I could easily just find and pop carriage return characters, but I would prefer if they can be saved.

Thanatos
  • 42,585
  • 14
  • 91
  • 146
Optimus
  • 2,716
  • 4
  • 29
  • 49

2 Answers2

5

You should escape slashes in JSON:

j="""{"data":"foo \\r\\n bar"}"""

If you are not escaping them, your JSON is invalid (being valid Python string).

DrTyrsa
  • 31,014
  • 7
  • 86
  • 86
  • 4
    Raw strings would make it easier to read, additionally: `j = r"""{"data":"foo \r\n bar"}"""` – Thanatos Nov 30 '11 at 10:15
  • @DrTyrsa - I am not creating the json, so i would have to "seek and escape" – Optimus Nov 30 '11 at 10:20
  • 1
    @Thanatos - r"""{"data":"foo \\r\\n bar"}""" solved the issue, thanks, you should have posted it as an answer :) – Optimus Nov 30 '11 at 10:22
  • 1
    @Optimus How has it solved it? `r"""{"data":"foo \r\n bar"}""" ` is exactly the same that `"""{"data":"foo \\r\\n bar"}"""`. – DrTyrsa Nov 30 '11 at 10:25
  • 2
    @Optimus: The `r"""..."""` string only had a single slash before the `r`, i.e., `\r\n`. See my comment again.
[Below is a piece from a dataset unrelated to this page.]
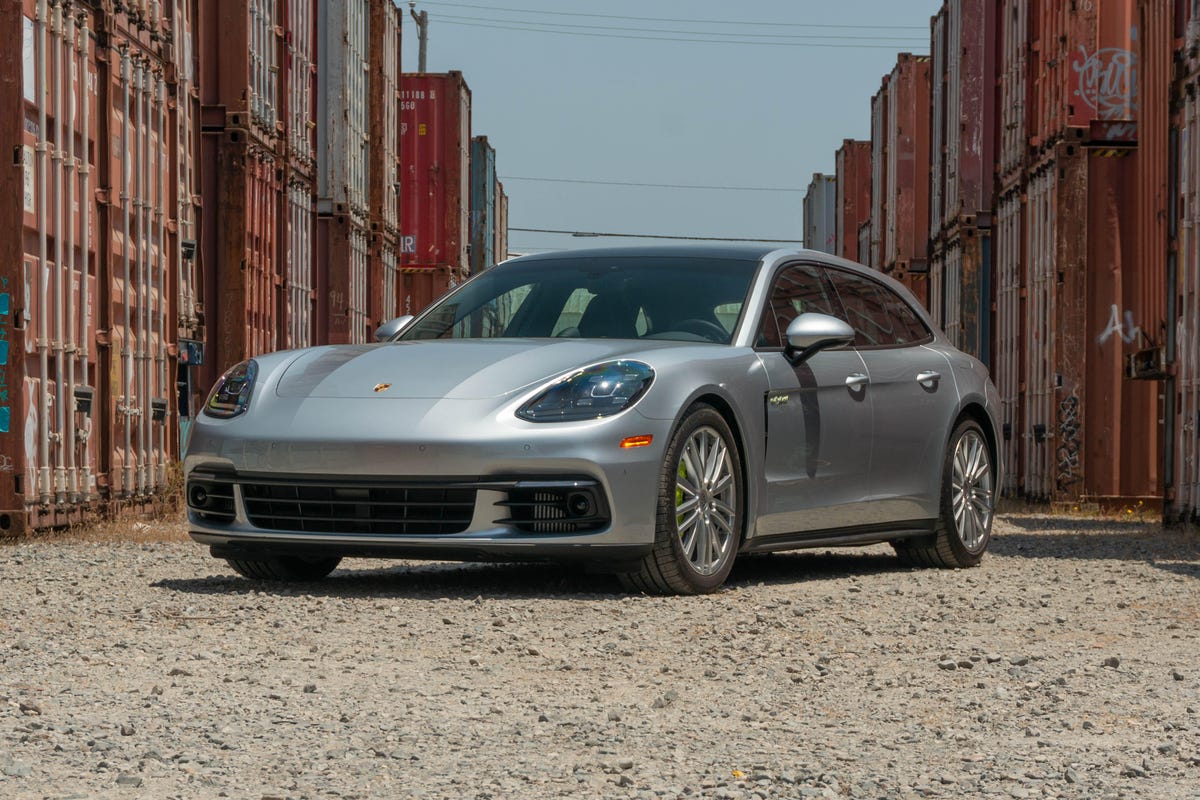 2018 Porsche Panamera Sport Turismo E-Hybrid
The `r"""..."""` string I posted is simply a different way of writing what DrTyrsa posted, the only difference between the two is for the human reader. – Thanatos Nov 30 '11 at 10:26
  • @DrTyrsa - yes, r"""{"data":"foo \r\n bar"}""" is exactly the same as """{"data":"foo \\r\\n bar"}""", both work, but i don't have to add additional slashes when using this r"""{"data":"foo \r\n bar"}""", thanks, – Optimus Nov 30 '11 at 12:47
1

Logically python is doing what should have been done !

Its the same old CRLF (inspired from typewriters) CR = Carraige Return LF = Line Feed

'\r' stands for CR But '\n' = CR + LF so, my point is that for json its definitely not valid.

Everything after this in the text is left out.